First, I had to see what size improvements I would get by adopting MessagePack. The results were pleasing. Our 9,444byte sample message could be reduced to 3,902byte (2.4x improvement). That meant 2.4x less disk requirements, but more importantly 2.4x less I/O requirements to read from disk and then push across a network. What we found next was a very pleasant surprise. One of the libraries also provided Lz4 compression as a built-in feature. This reduced our sample message size to 2,138byte, a further 1.8x improvement for a total of 4.4x size reduction! That would reduce our 3TB dataset to less than 700GB! All of this without any significant changes to our code. We didn’t need to decorate our types with attribute, create schema or any IDL.
The next question was, would this improvement in file size come at the cost of deserialization? Using our existing benchmark, we added the two MessagePack libraries. We compared using the Contact Type, and a custom Proxy type. We also compared the Lz4 compressed option too.
These results were brilliant. Not only would we get a reduced data size by adopting MessagePack+Lz4 compression, if we also used a Proxy Type we could also get a 28x improvement in deserialization speed!
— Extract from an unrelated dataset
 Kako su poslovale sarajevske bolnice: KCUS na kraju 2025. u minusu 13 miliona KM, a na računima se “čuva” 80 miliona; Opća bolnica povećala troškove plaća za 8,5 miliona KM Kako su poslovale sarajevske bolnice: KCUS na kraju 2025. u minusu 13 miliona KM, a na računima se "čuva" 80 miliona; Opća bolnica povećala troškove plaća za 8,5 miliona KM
To summarize these numbers, we have just under 500,000,000 events taking up 3TB of space. To rebuild one of our read models we needed to consume 25,000,000 of these events which was approximately 225GB. The theoretical time to transfer this data across a gigabit network was just over 29 minutes. Then it would take 1 hour 15min to deserialize all the data. That is 1 hour 45min to read and parse the required data. Also remember that is a theoretical best case.
After adopting the Lz4 compressed message pack format those 25,000,000 events are reduced to 50GB, which would take just under 7min to transfer on a gigabit network. Deserialization would then take only 2minutes 42seconds. Total time to transfer and deserialize is reduced by a factor of 11; from 1h45m to just 9 minutes!
Now clearly this was only one contributing factor to our rebuilds that were taking over 2 days, but it showed that if we challenge our assumptions, we can make large gains.